Una Raymond-Hoey (born 29 October 1996) is an Irish cricketer who has played for Scorchers, Typhoons, Melbourne Stars, Victoria and Ireland.

Raymond-Hoey has played in four One Day Internationals matches, making her debut against South Africa during their August 2016 tour. An opening batter, she scored 25 on her debut at the Malahide Cricket Club Ground.

In November 2018, she was named the International Emerging Player of the Year at the annual Cricket Ireland Awards.

In May 2019, she was named in Ireland's Women's Twenty20 International (WT20I) squad for their series against the West Indies. She made her WT20I debut for Ireland against the West Indies on 26 May 2019.

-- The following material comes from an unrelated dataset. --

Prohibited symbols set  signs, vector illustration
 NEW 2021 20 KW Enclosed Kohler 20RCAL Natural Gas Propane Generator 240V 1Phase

In August 2019, she was named in Ireland's squad for the 2019 ICC Women's World Twenty20 Qualifier tournament in Scotland. In July 2020, she was awarded a non-retainer contract by Cricket Ireland for the following year.

In October 2022, Raymond-Hoey was signed by Melbourne Stars for the 2022–23 Women's Big Bash League season as a replacement for Meg Lanning. She qualified as a local player, having emigrated to Australia to work and play cricket. Later in the same season, she joined Victoria.

She was named in the Ireland squad for their T20I and ODI tour to Bangladesh in November 2024.